■ What the task asks: Copied exactly and without pictures, the lines from the beginning of the entries through the one that holds "Nhà đẹp đường" should form the entire reply.
[Opening Data to process section]
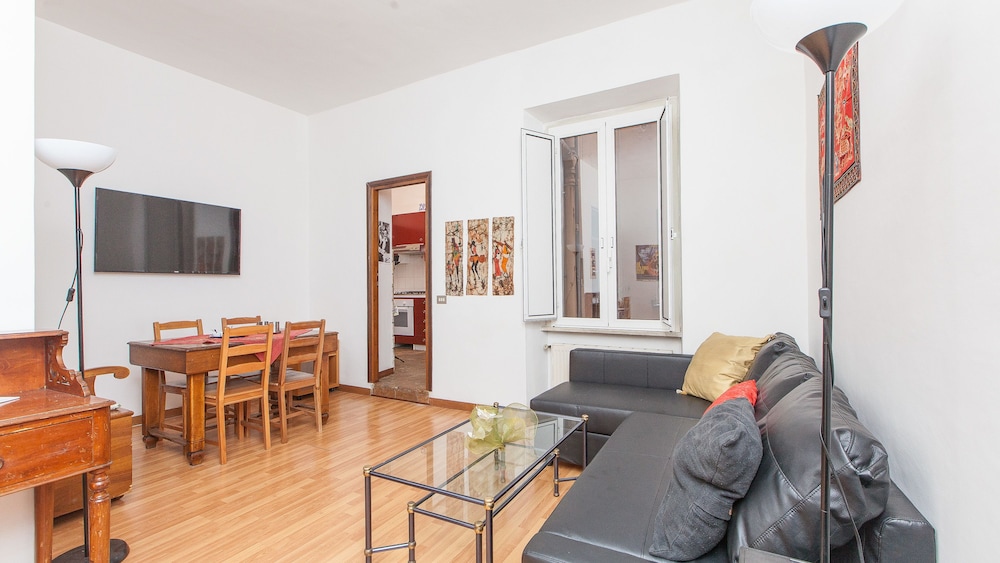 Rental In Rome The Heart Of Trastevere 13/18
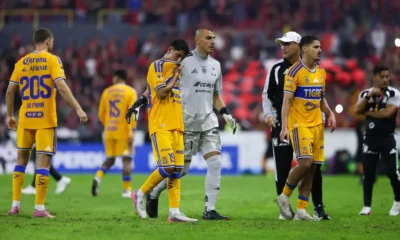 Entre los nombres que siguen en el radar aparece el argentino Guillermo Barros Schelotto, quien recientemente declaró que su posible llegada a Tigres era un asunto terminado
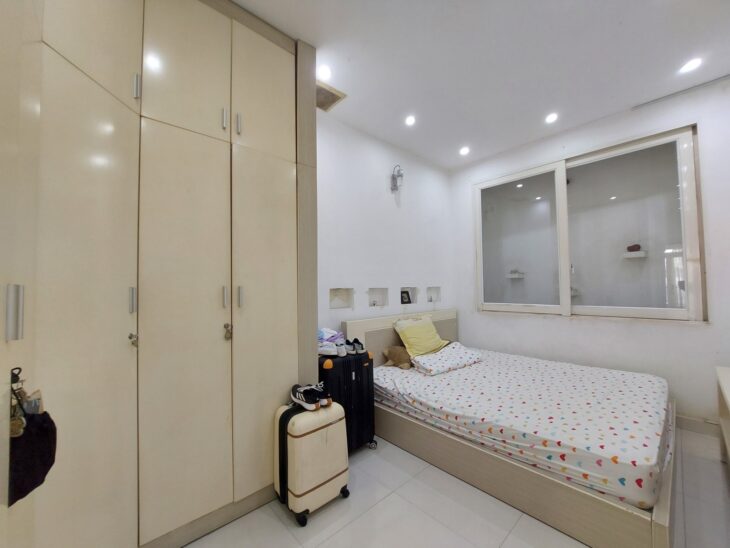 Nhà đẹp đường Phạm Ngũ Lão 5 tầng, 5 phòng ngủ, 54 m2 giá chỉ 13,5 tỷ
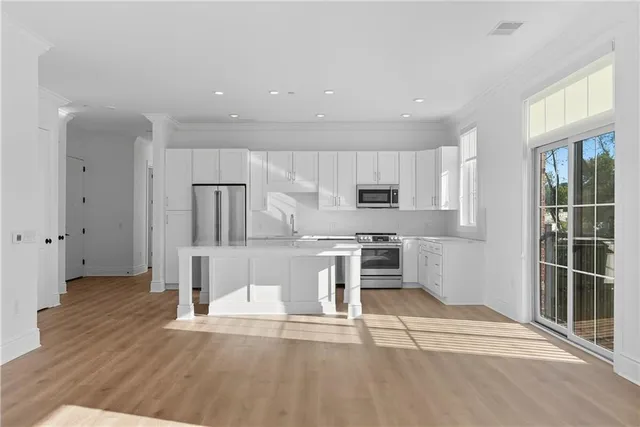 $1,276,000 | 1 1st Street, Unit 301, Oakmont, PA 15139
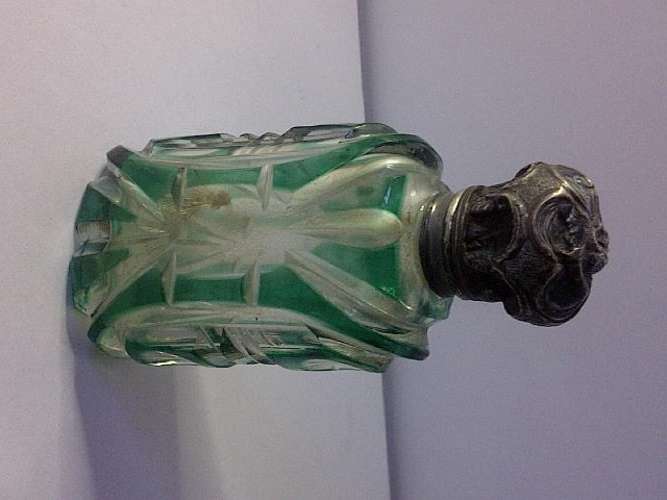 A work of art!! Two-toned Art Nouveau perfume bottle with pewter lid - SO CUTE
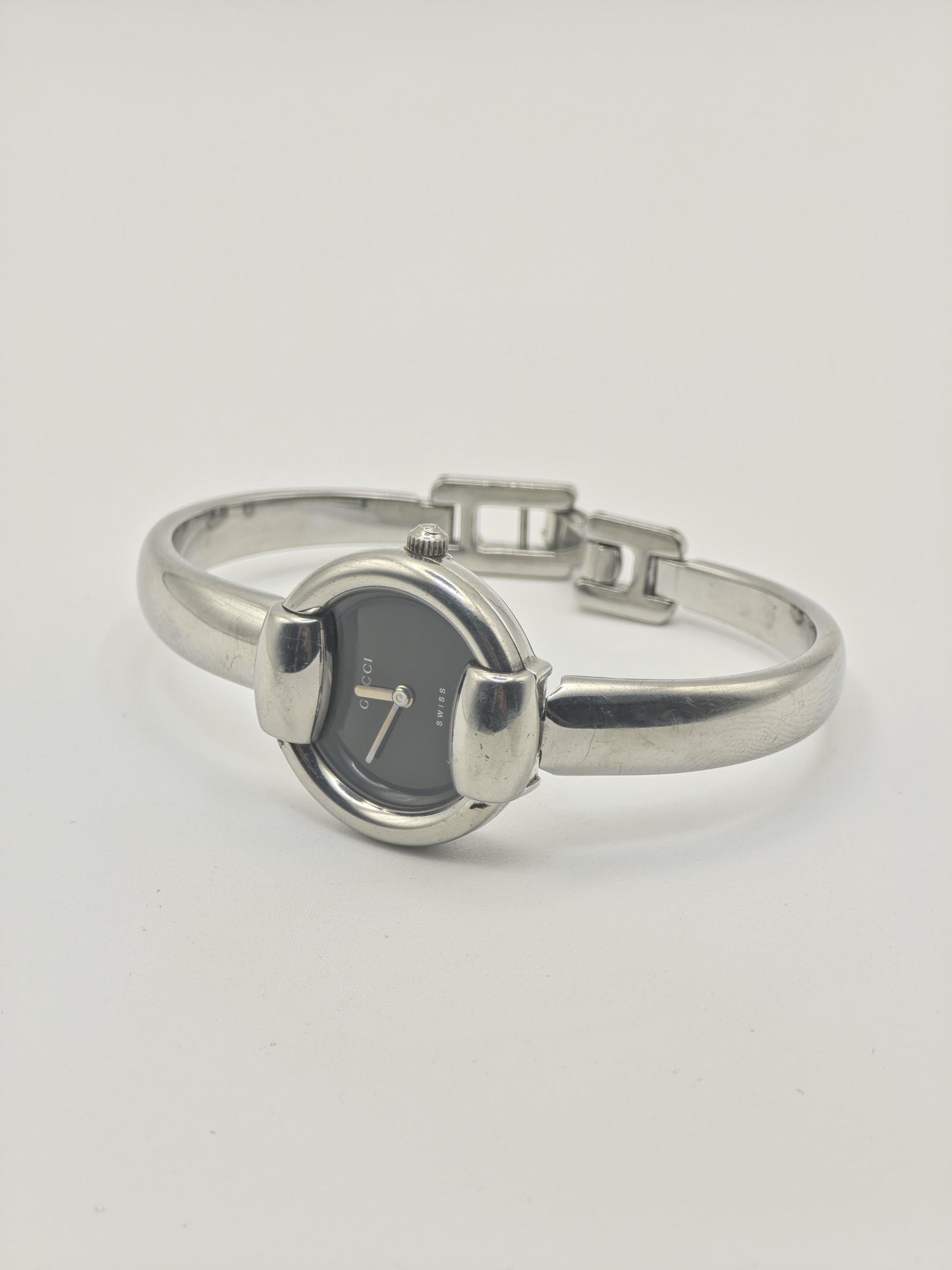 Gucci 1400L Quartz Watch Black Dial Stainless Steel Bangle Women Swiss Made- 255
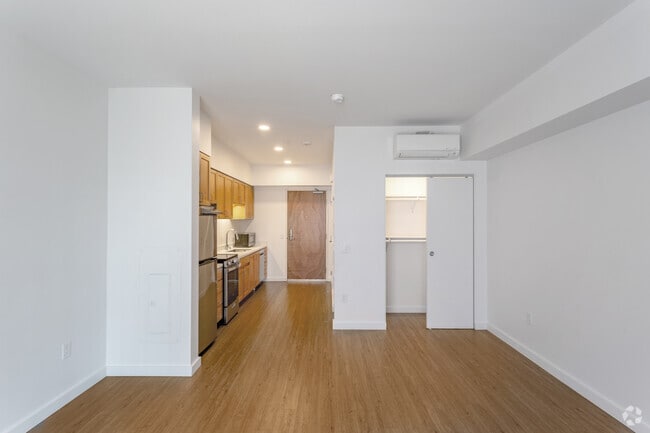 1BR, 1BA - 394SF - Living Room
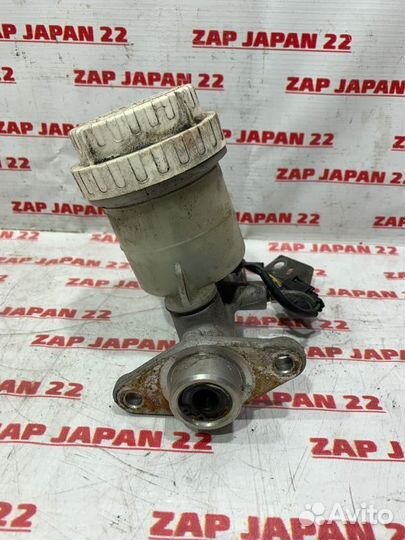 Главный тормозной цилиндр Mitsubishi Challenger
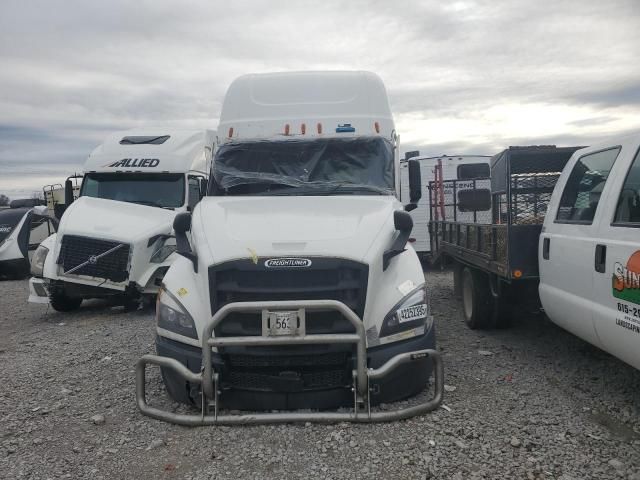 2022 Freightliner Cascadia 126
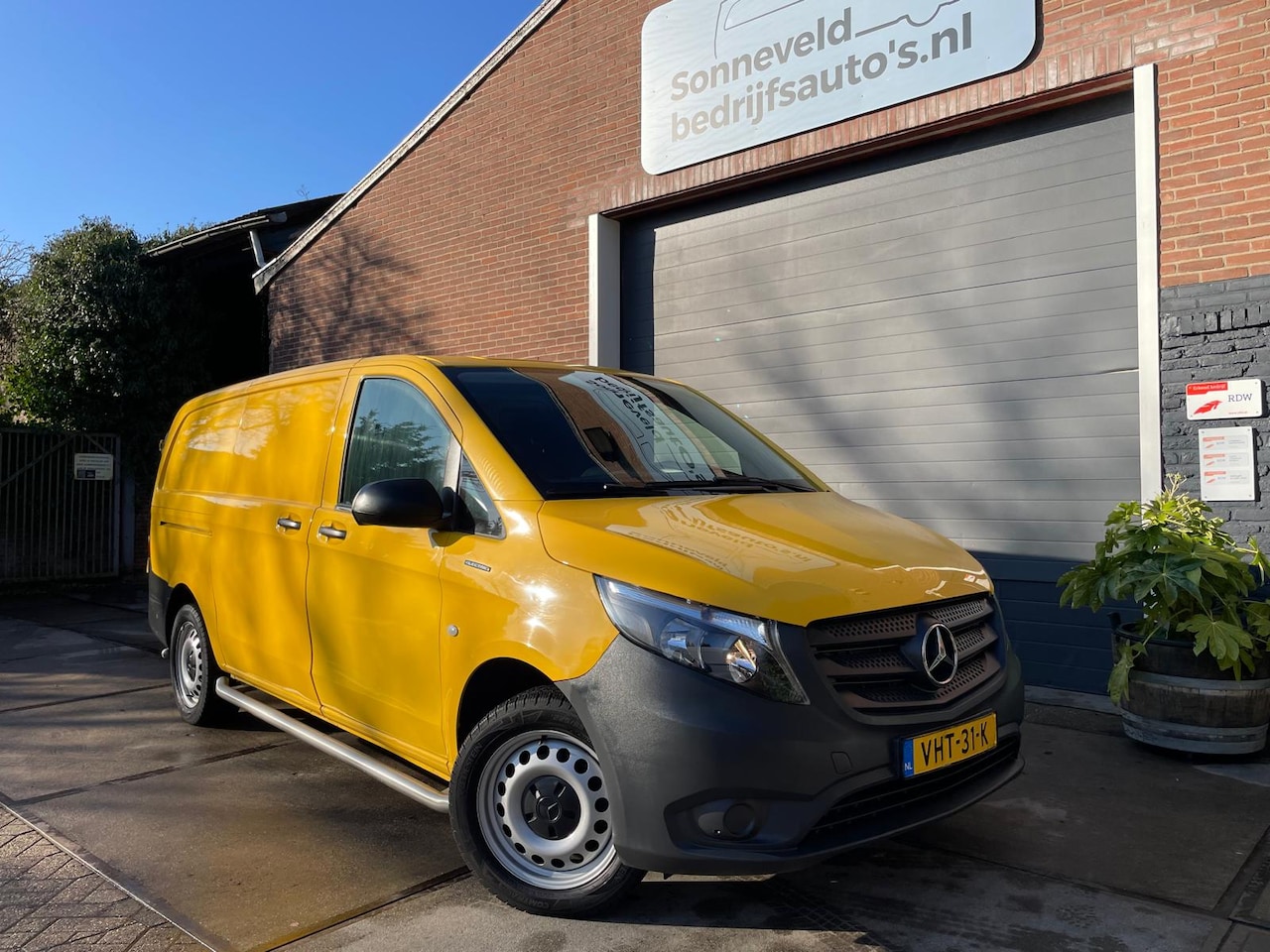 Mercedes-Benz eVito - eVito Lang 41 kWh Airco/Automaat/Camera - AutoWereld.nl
[Closing Data to process section]
■ Response to the task:
 Rental In Rome The Heart Of Trastevere 13/18
 Entre los nombres que siguen en el radar aparece el argentino Guillermo Barros Schelotto, quien recientemente declaró que su posible llegada a Tigres era un asunto terminado
 Nhà đẹp đường Phạm Ngũ Lão 5 tầng, 5 phòng ngủ, 54 m2 giá chỉ 13,5 tỷ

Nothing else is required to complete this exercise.